Using OpenFaces analogs won't change the look and behavior of your components, though, once you've switched to using the OpenFaces versions of the standard components, you are free to use the vast range of the additional functionality. For example despite looking very similar to the standard <h:dataTable> tag and having a compatible API, the <o:dataTable> tag (which represents the OpenFaces DataTable component), provides an order of magnitute higher level of functionality as opposed to its standard version, with the features like sorting, selection, filtering, pagination, conditional styling, handling large data sets and much more.

In addition to the extended components, OpenFaces complements the standard components with a range of other components commonly required for web application development, such as containers, windows, calendars, charts, more input components, etc. Although not having analogs among the standard JSF components, we strived to make the API of all components as uniform as possible, so the approaches and functionality similar across several components usually have the similar API as well. As a result, you can learn a small part of the library and be fluent at using any other part of it. The sections below describe the concepts and approaches that are common for all OpenFaces components.

Customization With Attributes and Child Tags

As usual, the majority of customizations can be made through the attributes of the component's tag. The OpenFaces components have a set of common attributes. As the standard JSF components, all the OpenFaces components support the id, rendered and binding attributes. Input components support the required, validator and converter attributes. Most attributes allow specifying their values using the Expression Language (EL), and you can find out whether some particular attribute supports EL but looking up the Tag Reference.
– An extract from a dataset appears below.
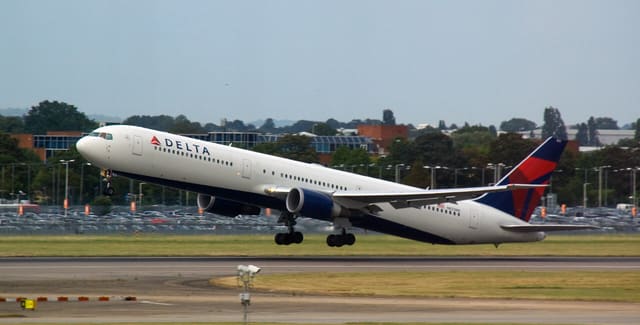 N833MH - Boeing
OpenFaces also employs another powerful and flexible way of customization – a child tag based customization. This way of customization is usually applicable for complex component's features that cannot be controlled by just one attribute. For example you can add the row selection and scrolling capabilities to the <o:dataTable> component simply by adding the appropriate tags as follows:

<o:dataTable ...>
  <o:singleRowSelection rowData="#{MyBean.selectedRow}" style="background: silver"/>
  <o:scrolling horizontal="true" position="#{MyBean.tableScrollPos}/>

This kind of customization usually serves two goals:

  • adding such tag tells the component that the appropriate functionality should be turned on;
  • having the tag allows customizing all of the aspects of the appropriate functionality in one place.

Customizing Styles

All OpenFaces components have a default style and allow flexible style customization through their attributes. These attributes usually define the component appearance in terms of Cascading Style Sheets (CSS) with a few exceptions mentioned explicitly in the documentation.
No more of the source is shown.